- Incumbent Sheri Meyerhoffer since 2019
- Appointer: Minister of International Trade, Export Promotion, Small Business and Economic Development
- Formation: 2019
- First holder: Sheri Meyerhoffer

= Sheri Meyerhoffer =

Canadian lawyer

Sheri Meyerhoffer is a Canadian lawyer and the Canadian Ombudsperson for Responsible Enterprise.

== Early life and education ==
Meyerhoffer was born in Saskatchewan. She studied law at the University of Saskatchewan and a graduated with a master's degree in public administration from the Harvard Kennedy School in 2018.

== Career ==
Meyerhoffer worked as lawyer for Howard Mackie and Amoco Canada Petroleum Company; and as a lobbyist for the Canadian Association of Petroleum Producers, before working as a self-employed oil and gas consultant.
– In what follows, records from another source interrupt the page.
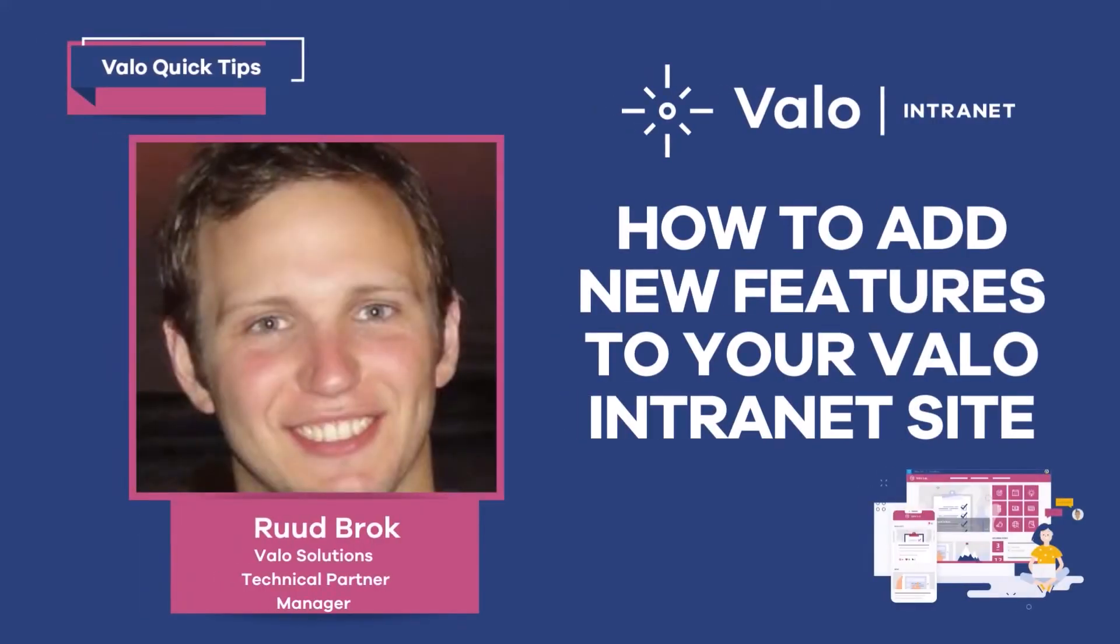Welcome to a VALO quick tip. This one is for VALO intranet. In this video, we're going to show you how to add VALO features to your site.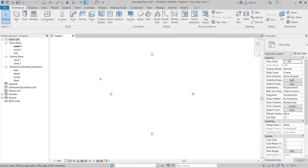Hey, what's up everybody around the world, welcome back to another tutorial at Review Global Knowledge. Today I'm going to show you how to use our curtain panel to create a facade — you can call it a curtain panel hack or tip and trick to understand more about curtain panels.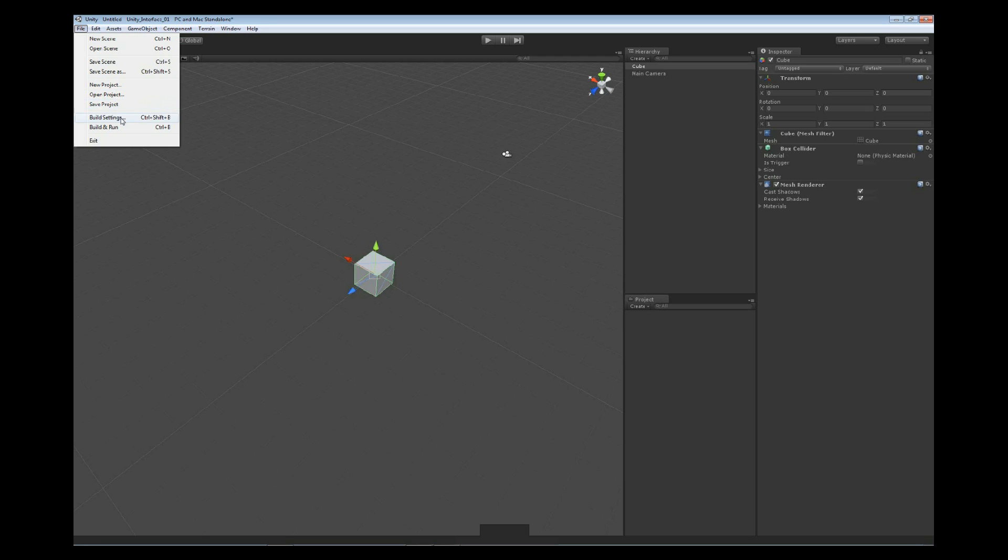Below that are our build settings. The build settings and then the build and run settings. These are basically both the same except one opts out to actually run the game as soon as it gets built. The building settings we're going to look at in a separate video because they are a bit more in depth. But this is where we actually choose the platforms that we want to launch our application to and build our applications to.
She joined the Canadian Bar Association in 2006, before working for the International Institute for Democracy and Electoral Assistance in Nepal until 2017. Meyerhoffer escaped the Nepal earthquakes uninjured.

She was appointed by Jim Carr as the first Canadian Ombudsperson for Responsible Enterprise in 2019, tasked with investigating corporate ethics allegations.